会社の世界で2つも仕事をしている上に、この世界の浄化とかまでしていて、それで更にパトロールまでなんて……働き過ぎだ。
「でもあれは、余った時間の有効活用をしているだけです。特にこの町は犯罪が多いことで有名でしたからね。少しでも減らせれるといいなぁと思いまして……」
「じゃあ、ハルさんが絶対にやらないといけない仕事というわけではないんですね」
「そうですね」
だったらその副業はやめて欲しいんだけどな……
ハルさんは働き過ぎだし、何よりパトロールは危ない。
また怪我をするかもしれないんだから……
「そんな余った時間を全部仕事に使わなくても、ゆっくり休憩する時間にしてもいいんじゃないですか?」
「私、結構ゆっくり休憩してますよ? ただでさえ暇な時間が沢山ありますからね」
「暇な時間ですか?」
「そもそも私以外の皆は、自分の世界で普通の人達と紛れて、普通の人と同じように仕事をしたりして暮らしているんですよ。でも私にはそういう事は出来ません。だから私には、暇な時間が沢山あるんですよ」
「何でハルさんには出来ないんですか?」
「この世界は、何をするにも身分証明が大切ですからね。私のような存在が働くのは難しいんですよ」
そうか……ハルさんには戸籍がないのか……
だから働く事も出来ないんだ……
多分他の世界は、そんなに身分証明も必要ない世界が多いんだろう。
ハルさんがこの世界で働く事が出来ていたら、パトロールなんて危ない事もやめさせれたのにな……
この世界が身分証明に厳しいせいで……
それはそれで安全の為に大切な事ではあるんだけど、ハルさんにはきっと生活しづらいよな……
いや、しづらいどころじゃないか。
寧ろ今までどうやって生活してきたんだろう?
「それだとハルさん普段の生活はどうしてるんですか? 住む家とか、お金とかは?」
「私は会社の世界の方で働いてお金を貰っていますから、この世界では働いていません。会社の世界には換金所がありまして、会社の世界でのお金を、各世界のお金と換金できるんですよ」
「それは凄いですね。でもハルさん、住む家は?」
「私の家は、あのマンションです」
ハルさんはベランダから見える、結構高いマンションを指差しながらそう言った。
良かった……
もしかしたらハルさんは、今までずっと野宿してたとかかもしれないと心配したけど、ちゃんと家はあるみたいだ。

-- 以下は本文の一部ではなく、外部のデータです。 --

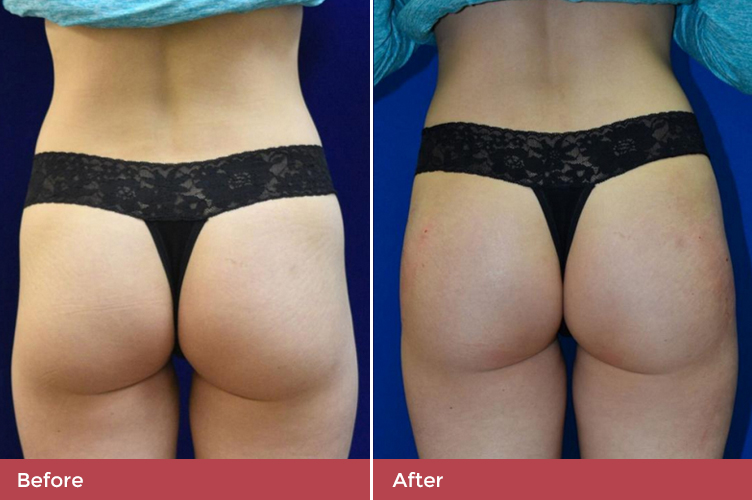 gallery-butt-lift-2-2.jpg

でも身分が証明出来ないなら、何処にも住めないはずだけど……?
「あのマンションに住むのに、契約とかは大丈夫だったんですか?」
「私は手続きとかはしてないんですよ。ですからあそこの管理人さんは、私が住んでいるとは思っていません。空き部屋だと思っています」
「それじゃあ新しい人が入居してしまいませんか?」
「それは大丈夫です。空き部屋だと思ってますが、新しい人を案内はしません。それを不思議に思わないように、管理人さんの記憶は少し変えさせてもらいましたから」
「それは……ハルさんの記憶を消す力を使ったって事ですか?」
「そうですね、管理人さんにはご迷惑をおかけしています……」
ハルさんは申し訳なさそうにそう言った。
僕も使われた、記憶を消す力……
さっきの話でハルさんの不思議な力のうち、浄化の力と動物になれる力だけは、生まれた時から使えたのだと分かった。
だったら記憶を消す力は、新しく覚えたという事だ。
きっとあの記憶を消す力は、使う方も辛いんだと思う。
人の記憶を消して、それを不思議に思わないようにするなんて事、やっぱり誰にとっても良くはないはずだ。